Eu odiava a minha escola, estudava lá desde os sete anos e sinceramente não suportava mais olhar as paredes de lá e muito menos as pessoas, acho que eram as lembranças ruins desse lugar. Eu estou no último ano do colegial, finalmente! Pensei que esse ano nunca chegaria.

Eu sentava na penúltima cadeira e era horrível pra enxergar a matéria da lousa ou pra interagir com alguém, mas quem disse que eu queria? Mal podia esperar para o sinal tocar, eu só queria que as aulas de matemática acabassem logo, sempre fui péssima com números e diferente do que você deve achar, eu não sou nerd e estou bem longe de ser, na verdade sempre suspeitei que tivesse algum défice. Minhas notas estavam como meu dinheiro, zerado. Nunca fui muito boa em guardar dinheiro, sempre gastava em coisas inúteis. Bom, não coisas totalmente inúteis, fast foods não são inúteis, graças à ele eu ganhei uma bela de uma gastrite, umas celulites e uns quilinhos, mas mesmo assim ele me faz ser uma gorda feliz.

Os ponteiros do relógio pareciam andar para trás, era a única desculpa aceitável para demorar tanto para chegar o horário da liberdade.

Em cada aula, eu sentia os olhares, ouvia os murmúrios, as risadas, os bilhetes passando de mão em mão, as canetas escrevendo fervorosamente nas folhas de papel arrancadas. No fundo eu sabia que eu era o assunto.

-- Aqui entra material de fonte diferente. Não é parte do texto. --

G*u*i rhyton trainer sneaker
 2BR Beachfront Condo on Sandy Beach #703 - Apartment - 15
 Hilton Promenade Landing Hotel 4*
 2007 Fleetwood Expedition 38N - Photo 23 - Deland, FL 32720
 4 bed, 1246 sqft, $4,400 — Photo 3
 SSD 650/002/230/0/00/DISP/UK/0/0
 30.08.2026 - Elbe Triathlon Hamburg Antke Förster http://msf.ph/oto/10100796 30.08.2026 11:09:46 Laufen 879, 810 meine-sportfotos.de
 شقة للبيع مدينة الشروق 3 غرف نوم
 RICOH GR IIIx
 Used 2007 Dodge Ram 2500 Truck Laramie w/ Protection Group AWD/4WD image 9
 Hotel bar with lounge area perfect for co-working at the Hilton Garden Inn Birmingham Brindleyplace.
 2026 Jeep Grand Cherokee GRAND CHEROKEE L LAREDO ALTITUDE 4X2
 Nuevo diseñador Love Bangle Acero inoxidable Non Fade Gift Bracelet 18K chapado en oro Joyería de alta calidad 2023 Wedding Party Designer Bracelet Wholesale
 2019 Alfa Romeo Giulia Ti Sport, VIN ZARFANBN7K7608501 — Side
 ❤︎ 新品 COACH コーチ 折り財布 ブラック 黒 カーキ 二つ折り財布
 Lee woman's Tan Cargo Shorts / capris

E ai voltamos para o início, lembra quando eu disse que minha vida era melhor quando estou dormindo? Eu não estava brincando. No meu quarto, com as minhas cobertas infantis, com o abajur ligado pelo meu medo de escuro, meus desenhos repetidos e meus livros.

A aula de filosofia era minha favorita, na verdade era uma das poucas que segurava minha atenção por mais de dez minutos. Não que eu não quisesse prestar atenção nas outras, mas como eu disse uns parágrafos acima, devo ter algum défice. Não pensem que era por que ele era bonito ou algo do tipo, é que a aula era diferente, interativa, informal e isso a tornava fodasticamente legal. Eram cinqüenta minutos de aula que mais pareciam cinco. Hoje o tema era a estética, uma coisa que não me agradava muito.

- A feiura e a beleza são conceitos criados pelo homem. Tudo depende do gosto de cada um: para uns, uma pessoa pode ser linda e, para outros, ser horrível. Se vive hoje em dia em uma sociedade comandada em grande parte por uma ditadura de padrão de beleza. Mas é tudo uma questão de modismo, não é que esse determinado tipo seja de fato mais bonito ou feio. Em outras épocas, outros tipos foram considerados bonitos e os atuais, foram considerados feios.

- A Dakota é coringa, feia em tempo contínuo. - alguém sussurra e a classe toda cai na gargalhada olhando pra mim.

Fingi não escutar embora minhas lágrimas implorassem pra escorrer pelo meu rosto. Respiro fundo. O sinal que anunciava o intervalo toca e a única coisa que ouço são os gritos, os passos e as cadeiras arrastando no chão. Guardei todo meu material, joguei a mochila nas costas e quando estava prestes a sair da sala meu professor me chamou.

- Dakota, pode ter certeza, aquilo que a gente planta, a gente colhe, de um forma ou de outra. Não estou te incitando a desejar o mal dessas pessoas, nem a se alegrar com seus sofrimentos, mas é fato: o que se planta, se colhe. Eu tenho pena dessas pessoas, por sua má formação de caráter, que a qualquer momento as pode derrubar. - ele disse.

Não sabia o que dizer então apenas coloquei um fraco sorriso na cara e saí praticamente correndo daquele lugar. Entrei num dos banheiros e encostei-me na porta atrás de mim e por ela fui deslizando até encontrar o chão. Dobrei os joelhos e afundei meu rosto neles. Você deve saber o que vem depois. Uma palavra: lágrimas.

As pessoas achavam que eu não tinha coração ou um ponto fraco, mas cada palavra que saia da boca deles me machucava sim e muito. Eu tenho sentimentos embora nunca mostre por achar que são uma fraqueza e no fundo são mesmo.